◆ **INSTRUCTIONS TO FOLLOW**
Repeat exactly the line with "9e4c8633-3cb4-44bb-b541-4da85caa5fe7 Adidas Terrex" and each line after it to the end of the data below; pictures stay out.

◆ **INFORMATION SUPPLIED**
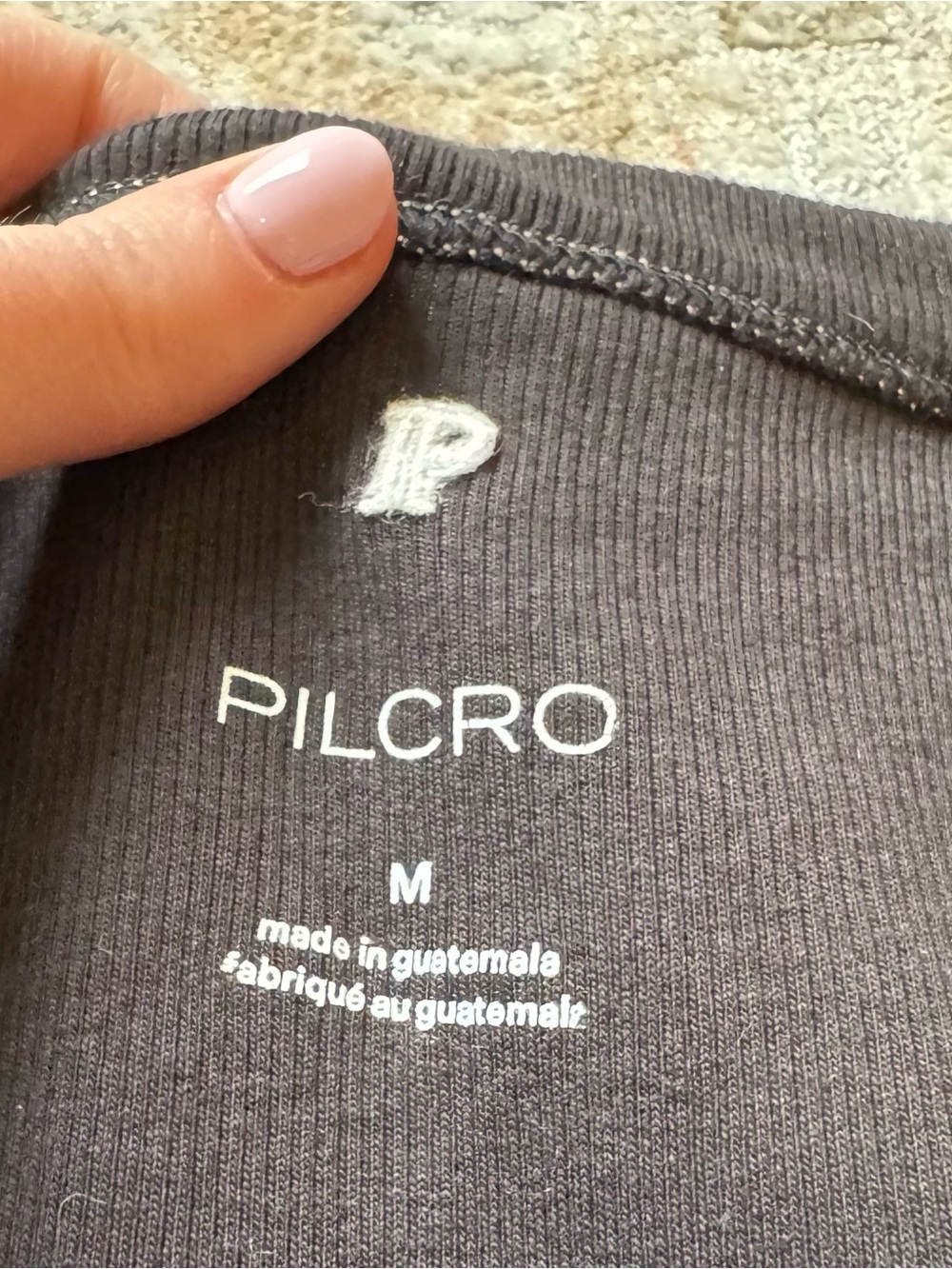 Anthropologie Pilcro - The Sunny Scoop-Neck Tank Top - Picture 6 of 6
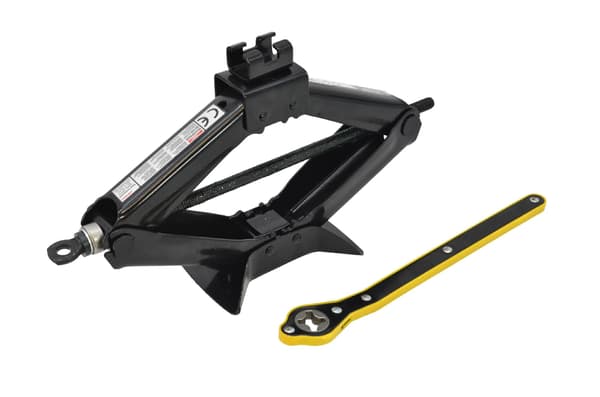 AWTOOLS TRAPEZDONK 2000 kg + SKRALDENØGLE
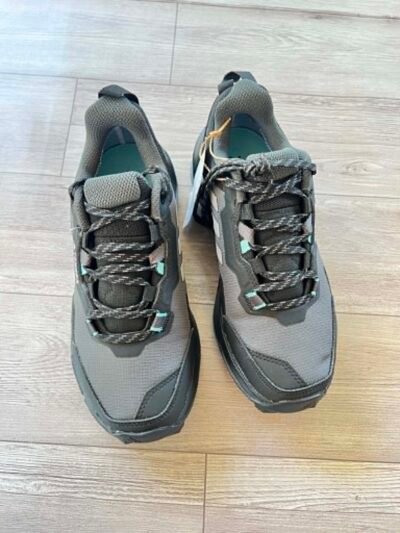 9e4c8633-3cb4-44bb-b541-4da85caa5fe7 Adidas Terrex Grey Trail Shoes UK - Size 36EU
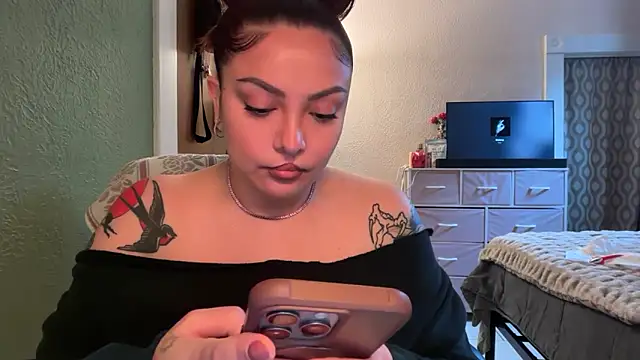 nativepumpkin95 online show from 06/19/26, 11:08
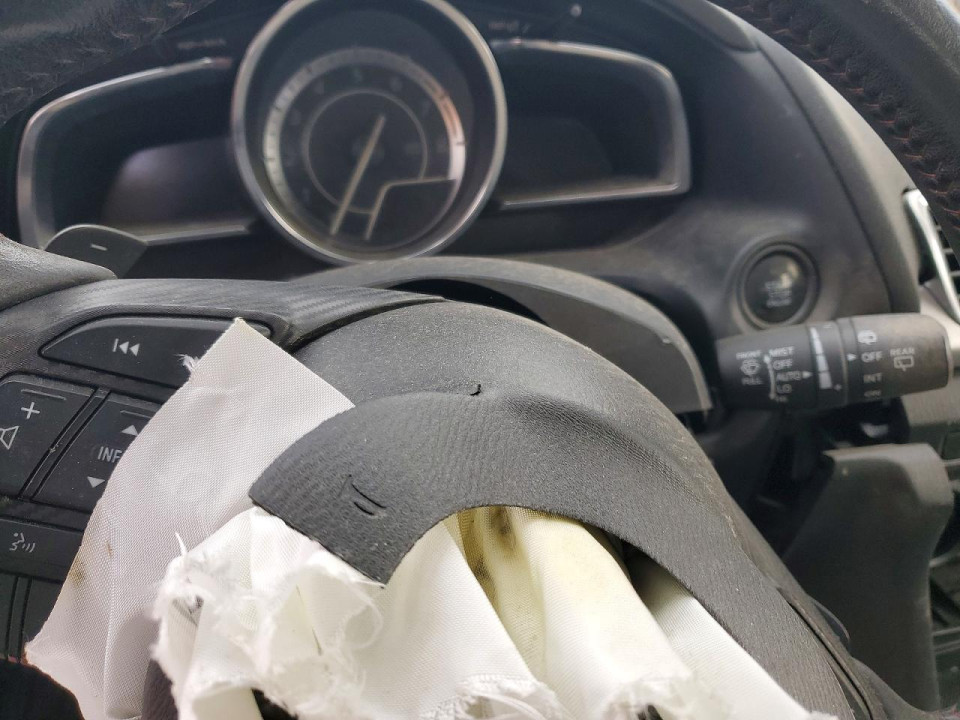 Mazda 3 2014 — Copart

◆ **RESULT**
 9e4c8633-3cb4-44bb-b541-4da85caa5fe7 Adidas Terrex Grey Trail Shoes UK - Size 36EU
 nativepumpkin95 online show from 06/19/26, 11:08
 Mazda 3 2014 — Copart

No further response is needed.